検討会は宅配の再配達削減の有効な手段とみて、置き配の普及を目指す構えだが、盗難のリスクへの対応などが課題となりそうだ。
利用したことがない・したいと思わない理由は「盗難されないか心配」が4割
調査は昨年12月、同省の行政に関するネットのモニターを対象に実施、回答は905人だった。
置き配について「知っているが、利用したことがない」との答えが最も多く37・9%、続いて「知らなかったが、利用してみたい」が29・0%となった。「知らなかったし、今後も利用してみたいと思わない」は25・0%、「知っており、利用したことがある」は8・0%だった。
置き配を利用している、または利用してみたいと語った人に理由を尋ねたところ、「配達を待たなくていいから(不在時でも受け取れるから)」が74・9%で圧倒的にトップ。「在宅時でも(玄関前に出ることなく)受け取れるため」は11・3%、「住居に『宅配ボックス』がないため仕方なく」が8・6%となった。
一方、利用したことがない、または利用してみたいと思わない理由に関しては、「盗難されないか心配だから」が40・9%で最多。「通販サイトや購入商品、宅配事業者などが『置き配』に対応していないから」(20・9%)、「不在であることが分かってしまうから」(13・1%)、「衛生面で不安だから」(8・3%)、「オートロック式のマンションなので、利用できないから」(7・0%)などと続いた。

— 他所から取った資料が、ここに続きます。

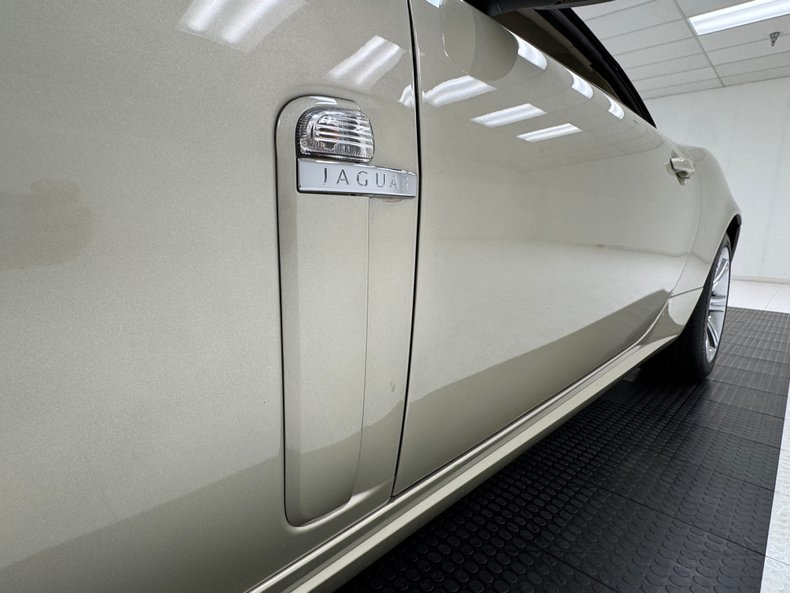 2007 Jaguar XK8 15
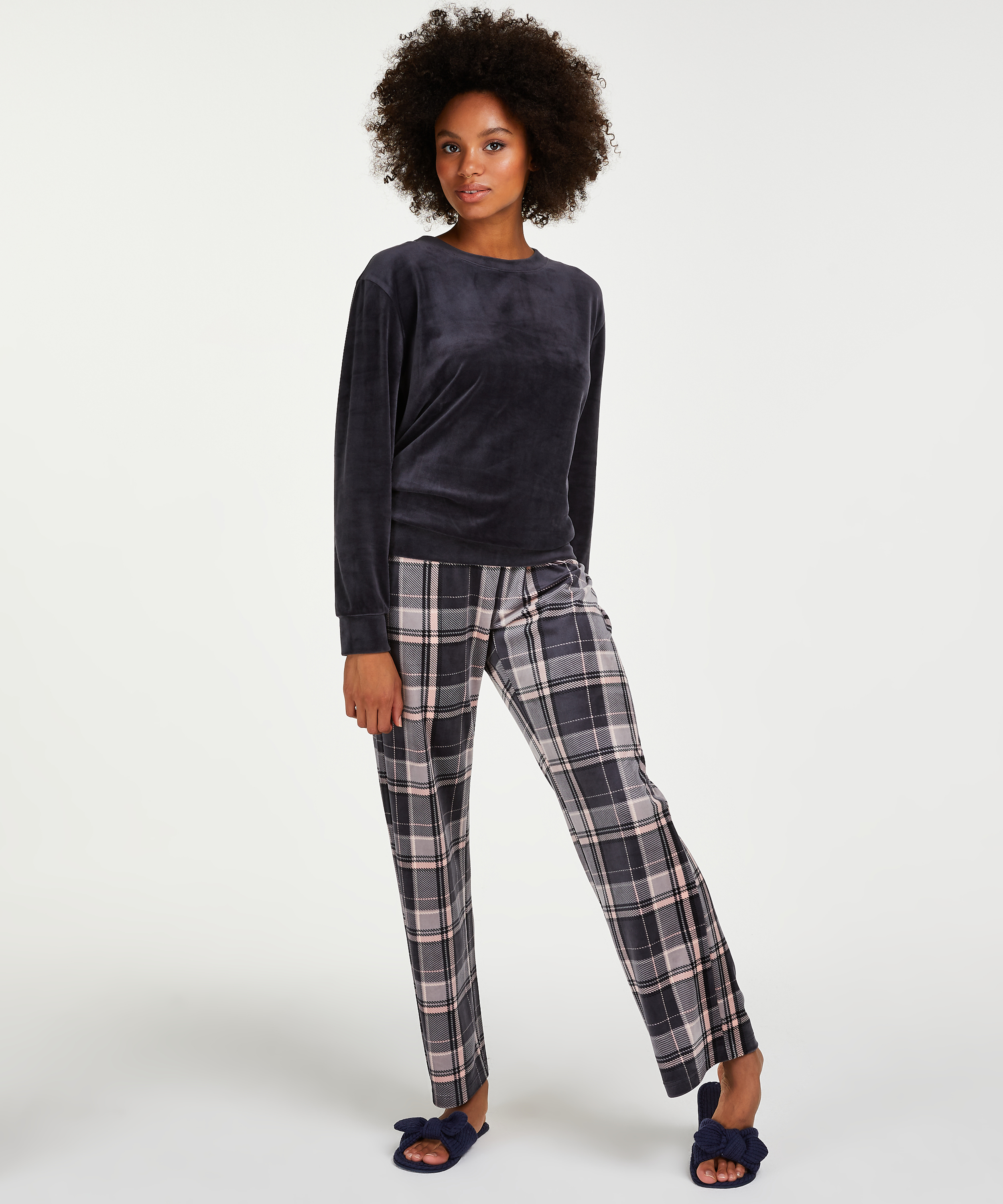 Pyjamassett i fl&oslash;yel, Gr&aring;, main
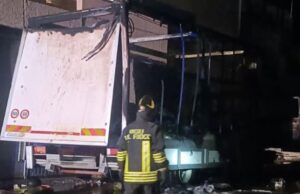 Tortolì, a fuoco un camion di frutta: non si esclude l’origine dolosa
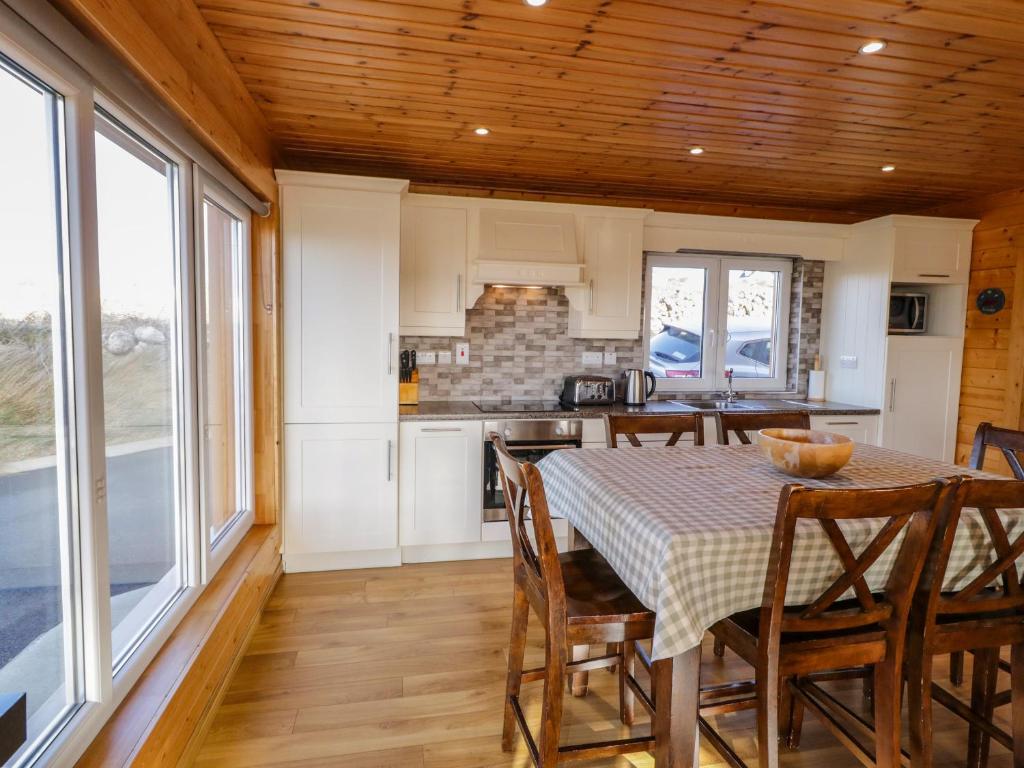 Kuchyň nebo kuchyňský kout v ubytování Coastal Cabin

どうすればもっと置き配を利用できる、もしくは利用したいと思うかとの設問(複数回答可)に対しては、「万が一盗難などがあった場合、通信販売または宅配事業者側で迅速に対応してもらえること」が全体の2割程度を占めた。「万が一盗難などがあった場合、損害保険を利用できること」、「いろいろな商品や通信販売事業者、宅配事業者などで利用できること」などの順に多かった。
国交省は盗難へのリスク対応に加え、「注文した品目に応じて置き配にするか否かを選択できることは、置き配利用の必要最低条件」と指摘した。